Sermón sobre Lucas 15:1-3.11-32, por Mónica Hillmann

 

Gracia y paz de parte de aquel que era es y ha de venir

El texto para la meditación de este día, lo encontramos en Lucas 15:1-3.11-32 (lectura Reina Valera)

«Senor, permítenos concentrarnos en estos momentos para escuchar lo que tienes para decirnos hoy»

Un Viejo y conocido texto por la mayoría de nosotros, quién no lo escuchó alguna vez en la Escuela bíblica o en algún culto?

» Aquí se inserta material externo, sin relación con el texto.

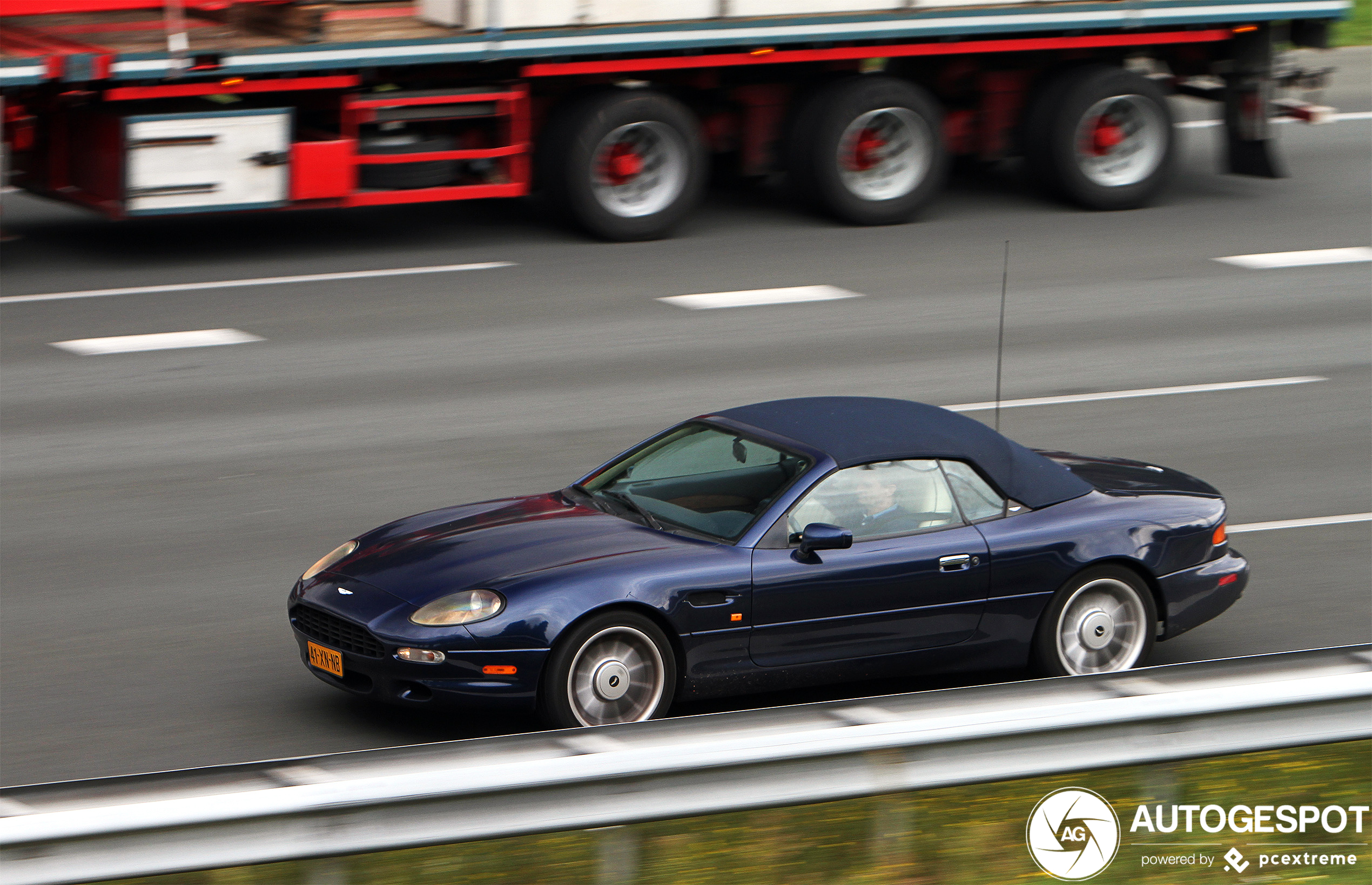 Aston Martin DB7 Volante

Dos hijos, de los cuales uno le pide al padre lo que le corresponde su herencia: «ya especulando con el dinero que tendrá seguramente cuando muera su padre. Imposible de creer» dijeron algunos. Este hijo recibe lo que le corresponde y se va lejos para gastar el dinero: «Ya decía yo que este joven iba a ser la perdición para su padre. Este trabajó toda su vida para que sus hijos tengan lo mejor y aquel malgasta el dinero sin importarle nada, todo el esfuerzo puesto en estos anos. Una vergüenza para la familia!» Se escucha decir a uno. Mientras tanto el otro hermano se quedó con el padre, trabajando de sol a sol «Este si que le salió derechito, ayuda a su padre en las tareas del campo como corresponde.»Comentan algunos.

Después de un tiempo el hijo que se había ido regresa con las manos vacías, a la casa de su padre, irreconocible para muchos: «Ese vagabundo que apareció el otro día en la ciudad, resultó ser el hijo de Don José, aquél que le había pedido lo que le correspondía de la herencia. No tuvo vergüenza aquella vez y menos ahora! Donde se ha visto regresar a su casa para que lo ayuden después de lo que hizo!.». El Padre lo reconoce desde lejos, lo recibe con los brazos abiertos y hace una fiesta en su honor: «Te enteraste lo que hizo Don José? Para mí está un poco loco o es un tonto. Recibió al hijo que avergozó a toda la familia con bombos y platillos. Yo le hubiese echado en cara que es un sinvergüenza, después de todo lo que hizo vuelve para que le den otra oportunidad. Lo mandaría de vuelta con las manos vacías, a nadie le regalan las cosas, que trabaje de sol a sol, que se gane la vida con el sudor de su frente». Mientras tanto el otro hijo se enoja ante la actitud de su padre: «Está bien lo que hizo el otro hijo, es necesario patalear un poco para que a uno no lo pasen por encima, para que un vivo venga y ocupe nuestro lugar»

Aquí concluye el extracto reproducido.